II. Old Testament Marriage in the Time of Malachi
By the time we get to the last book in the Old Testament, Malachi, marriage is seen as a holy covenant before God (Malachi 2:14). God's people in this time signed a written agreement at the time of marriage to seal the covenant. The marriage ceremony was seen as a public demonstration of the couple's commitment to the covenant relationship. The ceremony itself wasn't the important thing. It was the public commitment before God and men.
III. The Traditional Jewish Wedding
The traditional Jewish wedding ceremony included the ketubah, or contract. This was read in the original Aramaic language. In this contract, the husband accepted certain responsibilities such as provisions for food, shelter and clothing for his wife. He also promised to care for her emotional needs.
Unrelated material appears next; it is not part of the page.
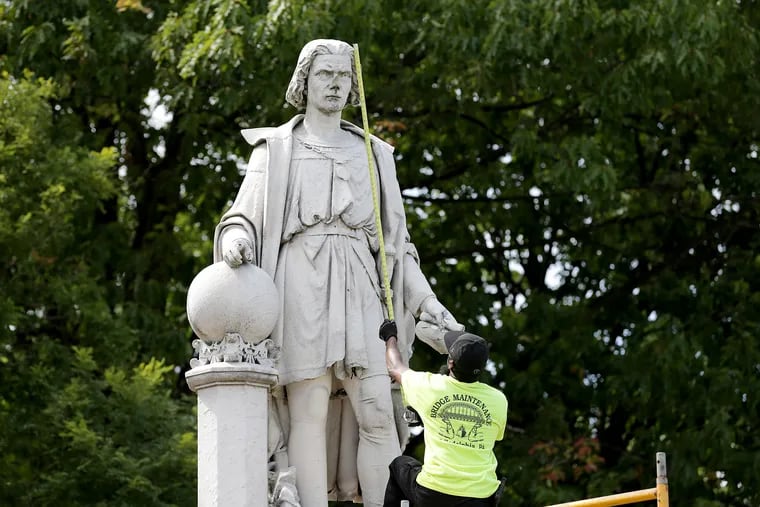 A worker takes a measurement as they prepare to box the Christopher Columbus statue in Marconi Plaza in Philadelphia, Pa. on June 16, 2020.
The ketubah was extremely important to the wedding. In fact the ceremony was not considered complete until the contract was signed by the groom and presented to his bride. So the wedding was more than a physical and emotional union. It was a moral and legal commitment as well.
The ketubah had to be signed by two witnesses as well as the husband. It was considered a legally binding agreement. Further, Jewish couples were forbidden to live together without this covenant arrangement. This was so important for the Jews because the marriage ceremony was seen as being symbolic of the relationship between God and His people Israel.
With this article we are getting closer to defining what constitutes marriage in God's eyes. We need to make our biblical picture complete by next looking at the New Testament perspective on marriage. But from our look at the Old Testament, it is clear that it isn't something to be taken lightly. I hope that these articles will help Christians who are married to recommit themselves to be good husbands or wives who are faithful to their spouses, and will see their relationship as a commitment to God as well as to each other. May God give us the strength to remain faithful to our convenants.